La fin des années 90 se caractérisait par une certaine stabilité des prix, avec une inflation maîtrisée qui oscillait entre 3% en 1993 et -1,8% en 2000, avec deux pics en 1995 avec 7,5% et en 1998 avec 11,5%.
Les années qui suivirent la mise en application de la loi sur les prix et la concurrence se sont également caractérisées par un taux d’inflation modéré, c’est-à-dire une augmentation des prix des biens et services à un rythme lent et stable. En effet, les taux enregistrés oscillaient entre -0,6% et 1% avec 3 pics en 2007, 2008 et 2015 avec des taux respectifs de 3,2%, 4,8% et 3,2%[1].
Cependant, à partir de 2021, les taux d’inflation commençaient à prendre une allure ascendante et alarmante, enregistrant ainsi 6,3% en 2022 et 6,6% en 2023[2]. Ces augmentations risquent d’être structurelles, soit en raison des fluctuations des coûts de production, soit en raison de la cupidité de certains producteurs, distributeurs et détaillants.
D’ailleurs, l’expert économique, Ali Boutaiba, dans un entretien accordé au quotidien ‘’Assabah’’[3] « a attribué la flambée des prix de nombreux produits de première nécessité et agricoles à la réussite des intermédiaires ou « channaka » qui ont réussi à contrôler l’ensemble des chaînes de production. Ces intermédiaires ont été recrutés par de grandes familles qui monopolisent les activités commerciales ou agricoles pour servir d’intermédiaires entre elles, les grossistes et les consommateurs. Il a ajouté que le Maroc connaît une contradiction étrange avec la logique du marché, avec une abondance de production et des prix élevés. Il a expliqué que cela est dû également, à l’émergence de nouveaux marchés en Afrique, alors que les exportations étaient auparavant limitées aux marchés européens, entraînant ainsi une pénurie sur les marchés nationaux ».
Les mesures prises par le gouvernement pour contrecarrer ce phénomène, semblent ne pas avoir donné d’effets positifs ; la preuve est la hausse des prix des viandes après la fête de l’Aid Al Adha et les prix des fruits pendant cette saison d’été. La même tendance haussière a été relevée pour les prix du poulet et de la sardine durant le mois d’août 2024.

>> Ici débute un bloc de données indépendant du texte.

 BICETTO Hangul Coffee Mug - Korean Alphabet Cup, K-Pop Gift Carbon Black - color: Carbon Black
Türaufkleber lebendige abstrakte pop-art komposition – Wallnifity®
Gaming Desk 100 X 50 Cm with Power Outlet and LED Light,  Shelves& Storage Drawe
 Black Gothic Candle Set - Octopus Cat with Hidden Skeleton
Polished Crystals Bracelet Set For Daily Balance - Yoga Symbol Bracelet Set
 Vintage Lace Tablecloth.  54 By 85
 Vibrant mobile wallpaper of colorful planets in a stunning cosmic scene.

Sachant que la mise en place de la politique de la libéralisation a été accompagnée par une réforme institutionnelle et ce, par la mise en place d’institutions pour encadrer la libéralisation des prix. A cela, il y a lieu d’ajouter qu’au fur et à mesure de l’application de la loi de 2000, l’Administration a procédé à l’amendement de cette loi à trois reprises[4].

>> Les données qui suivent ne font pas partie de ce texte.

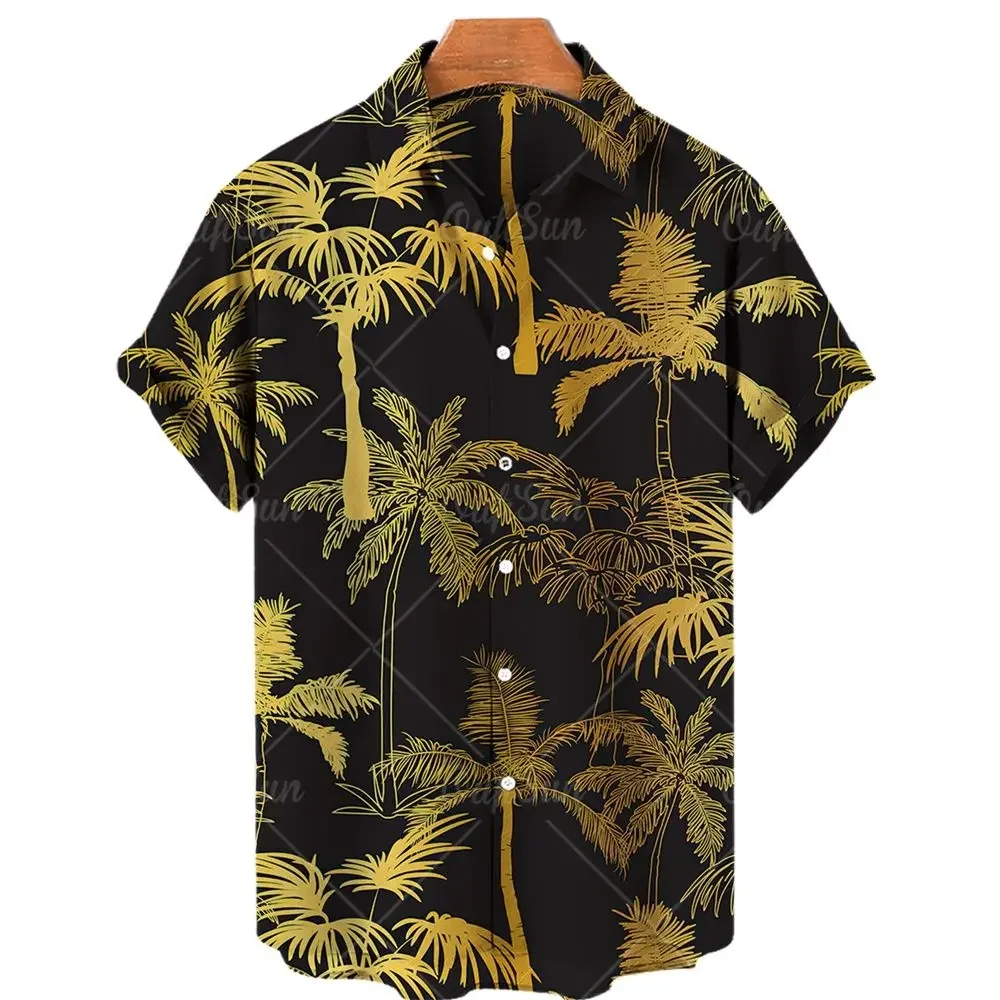 

2024 3D Men's Coconut Tree Printed Short Sleeve Hawaiian Shirt Single Button Lapel Shirt Loose Beach Casual Oversized Shirt 6XL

Néanmoins, et malgré ces réformes, les prix ne cessent d’augmenter, sous prétexte que les prix sont libres au Maroc. Or, et comme l’a bien souligné SM le Roi Mohammed VI : « ..Il va sans dire, en effet, qu’un marché libre ne doit aucunement être synonyme d’anarchie, encore moins de pillage[5] ». D’où la nécessité, voire l’obligation pour le gouvernement de prendre toutes les mesures indispensables pour juguler toute hausse injustifiée. Dans le même discours, le Souverain a noté ce qui suit : « Certes, le citoyen peut parfaitement comprendre que le renchérissement du coût de la vie soit lié à la hausse des prix sur le marché mondial. Mais ce qu’il ne saurait admettre, c’est d’être livré en pâture à la rapacité des spéculateurs et des réseaux d’intermédiaires ».
Enfin, SM le Roi a rappelé l’importance de l’application de la loi : « Parallèlement, il importe de veiller à l’application stricte de la loi sur la liberté des prix et de la concurrence – notamment en mettant en marche le Conseil de la concurrence – et ce, pour garantir une bonne gouvernance économique ».
Or, malgré la révision de la loi à plusieurs reprises, le problème demeure son application par l’Administration, par le Conseil de la concurrence et par les enquêteurs sur le terrain.
Par l’Administration, du fait qu’elle n’a jamais eu recours aux dispositions prévues par la loi, lui permettant d’intervenir en raison de circonstances exceptionnelles et mis en œuvre ces dispositions pour atténuer la pression sur les prix et par conséquent la colère des consommateurs. D’ailleurs, certaines associations de consommateurs ont demandé au gouvernement de « brandir la carte de la « Loi 104-12 » face aux « augmentations excessives » des prix »[6]. De même, et devant la hausse des prix du poisson sur les marchés marocains, des acteurs professionnels du secteur de la pêche maritime ont demandé l’intervention du Conseil de la concurrence pour réguler les circuits de vente des poissons et leurs prix au Maroc. L’objectif est de mettre fin à certaines aux pratiques illégales qui contribuent à rendre les ressources marines nationales inaccessibles aux citoyens, avec des prix supérieurs à leur pouvoir d’achat.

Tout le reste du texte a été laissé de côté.